_Assignment_
The answer should match the entries below word for word, minus their pictures.

[Records shown Boundary: Start]

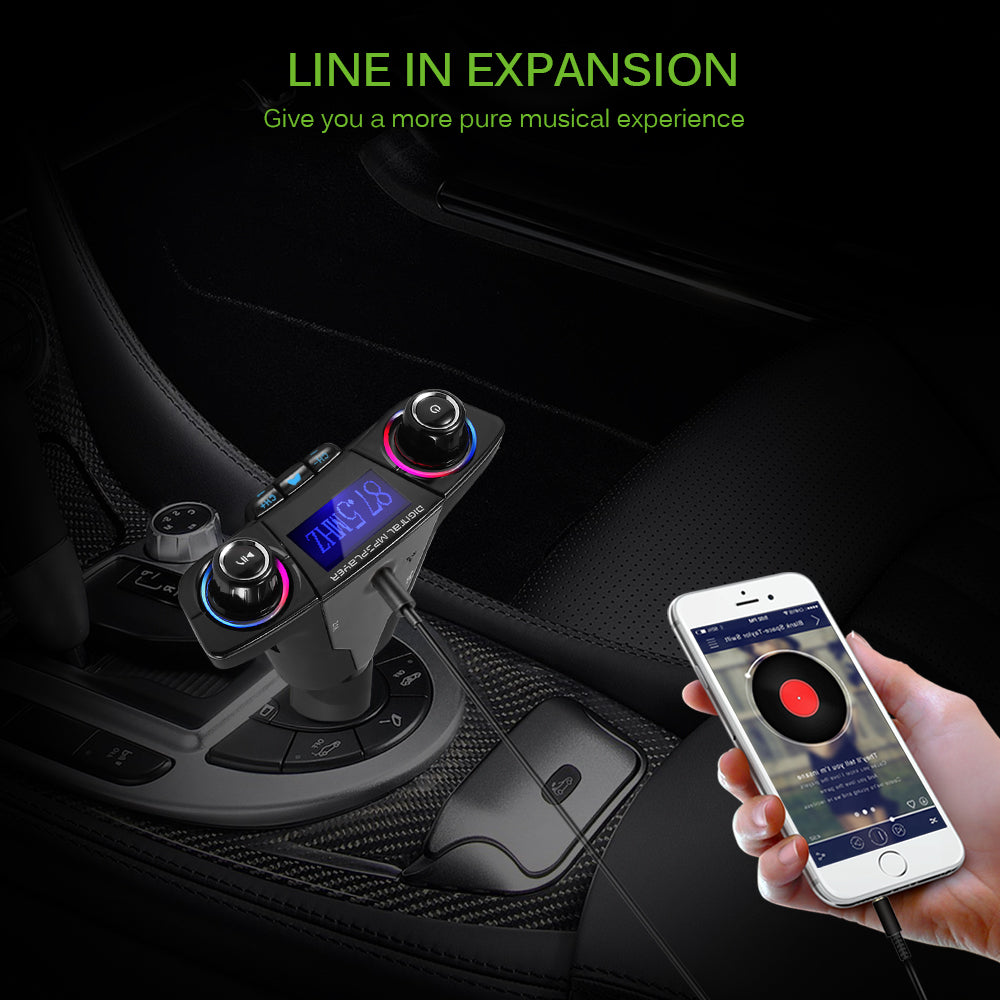 Car console with music controller and glowing dials, connected to a smartphone displaying music app.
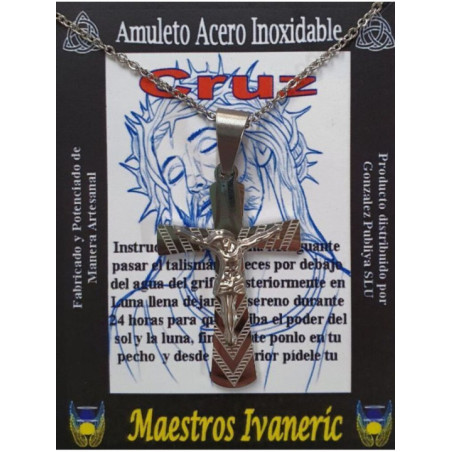 Talismán Artesano De Acero Inoxidable, Cruz con Jesús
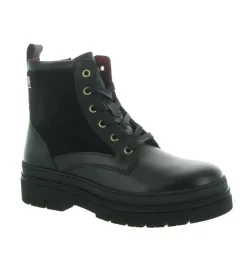 bottines et boots - Motardes - femme - Cuir - Noir - Tommy hilfiger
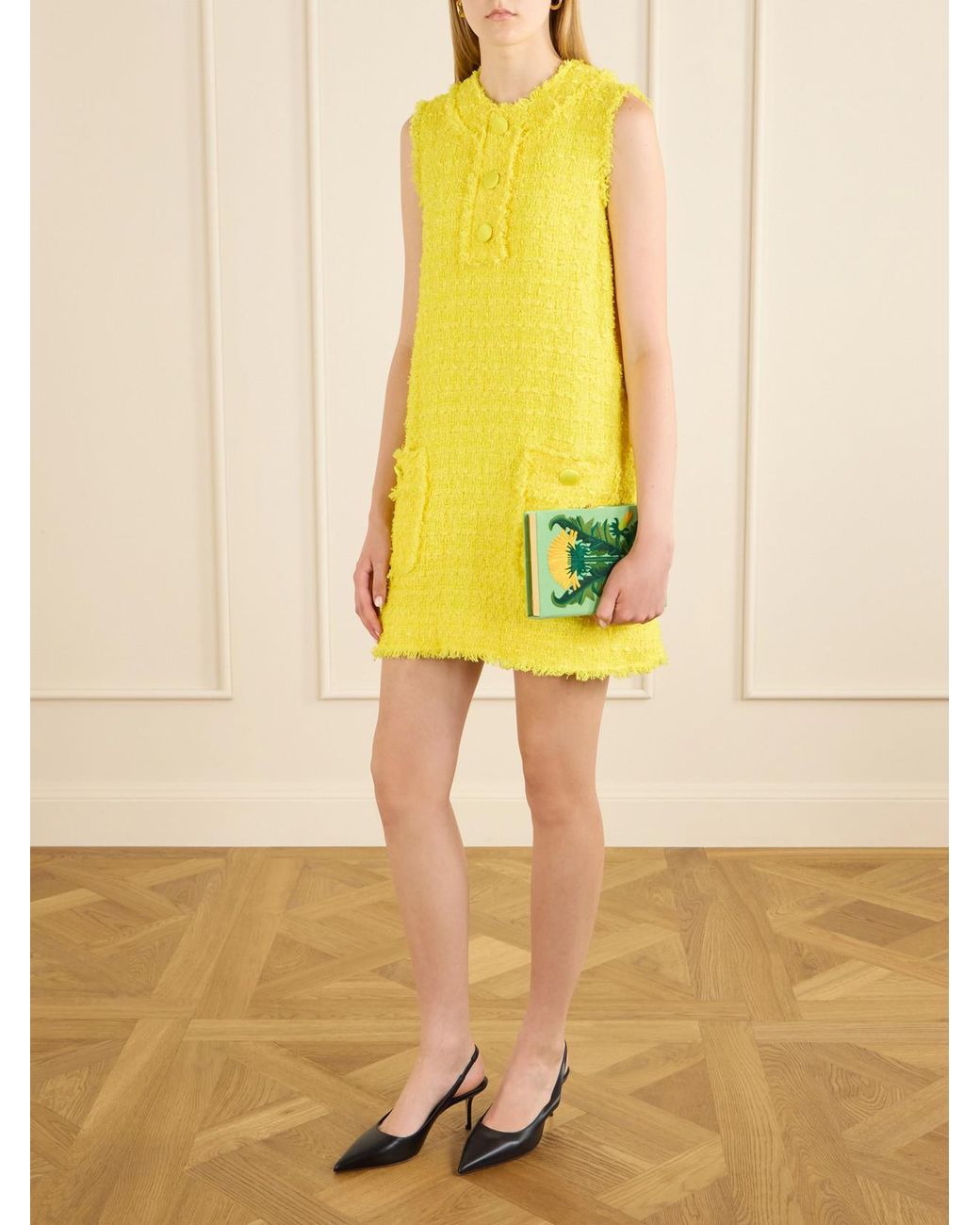 Olympia Le-Tan Green Dandelion Embroidered Canvas Clutch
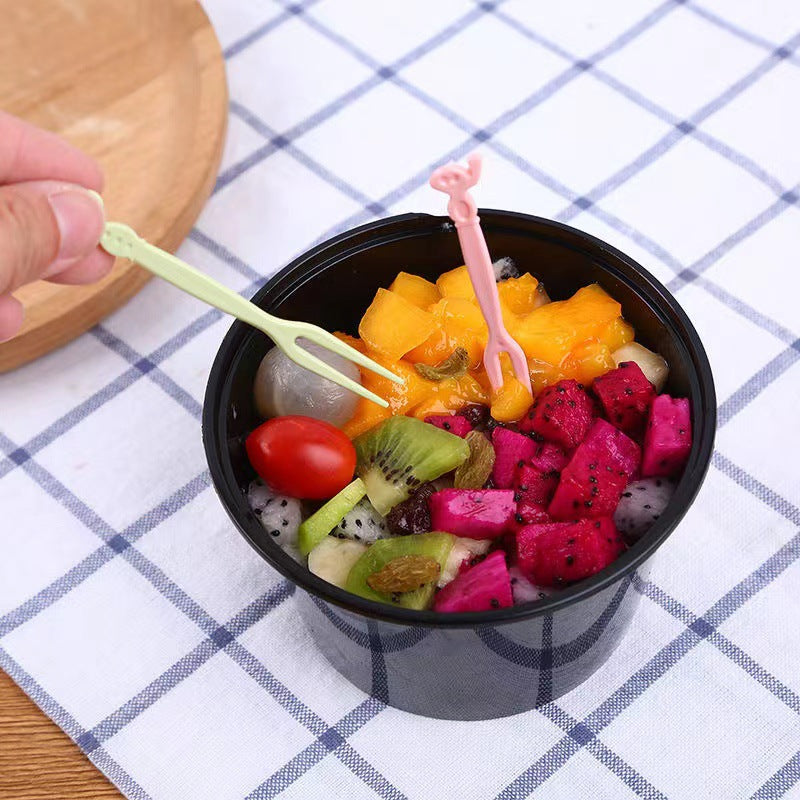 Fruit fork set fruit pick disposable plastic two-tine household fruit cake dessert fork snack fork 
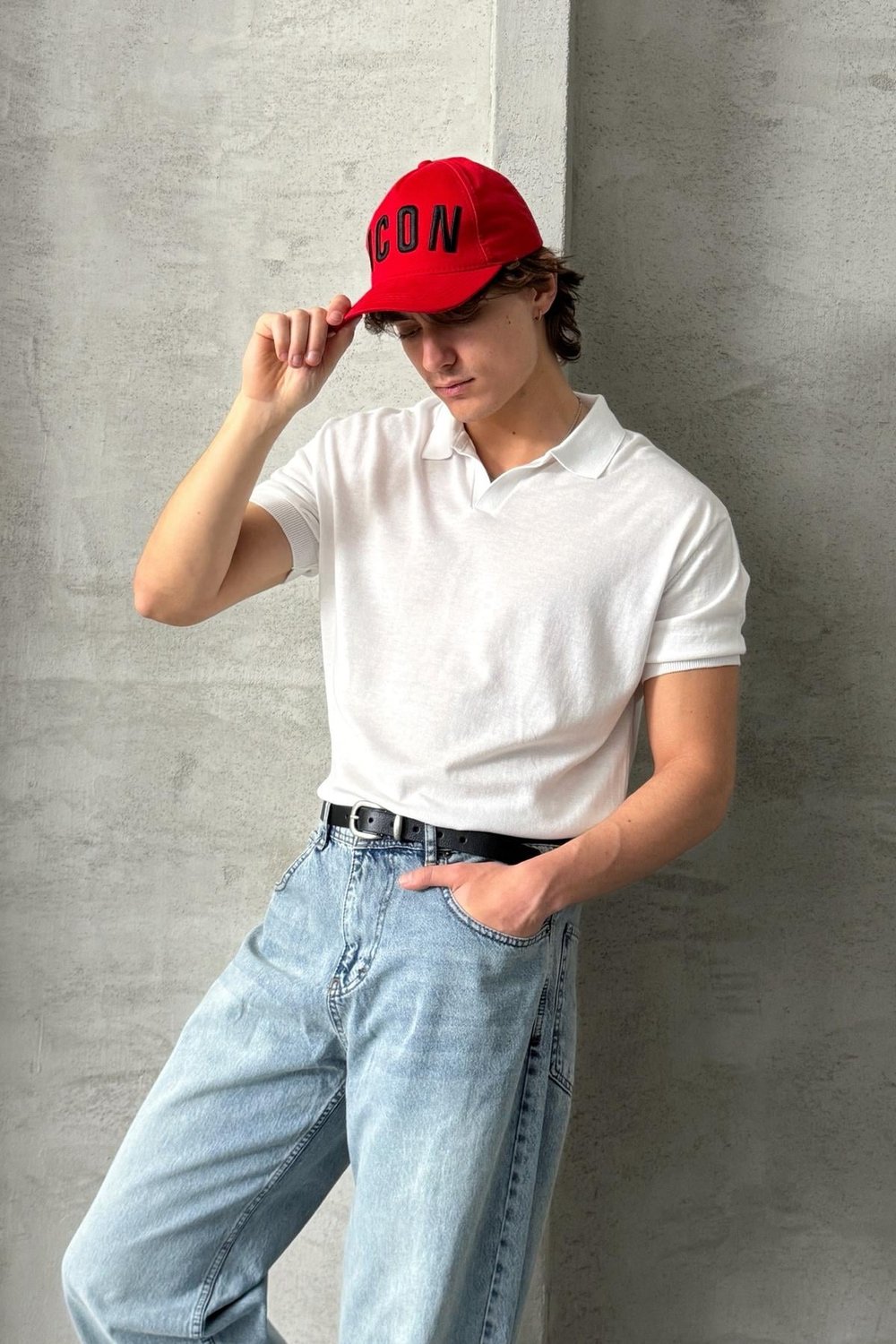 Erkek Oversize Pamuklu Polo Yaka Triko T-Shirt Beyaz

[Records shown Boundary: End]

_Result_
 Car console with music controller and glowing dials, connected to a smartphone displaying music app.
 Talismán Artesano De Acero Inoxidable, Cruz con Jesús
 bottines et boots - Motardes - femme - Cuir - Noir - Tommy hilfiger
 Olympia Le-Tan Green Dandelion Embroidered Canvas Clutch
 Fruit fork set fruit pick disposable plastic two-tine household fruit cake dessert fork snack fork 
 Erkek Oversize Pamuklu Polo Yaka Triko T-Shirt Beyaz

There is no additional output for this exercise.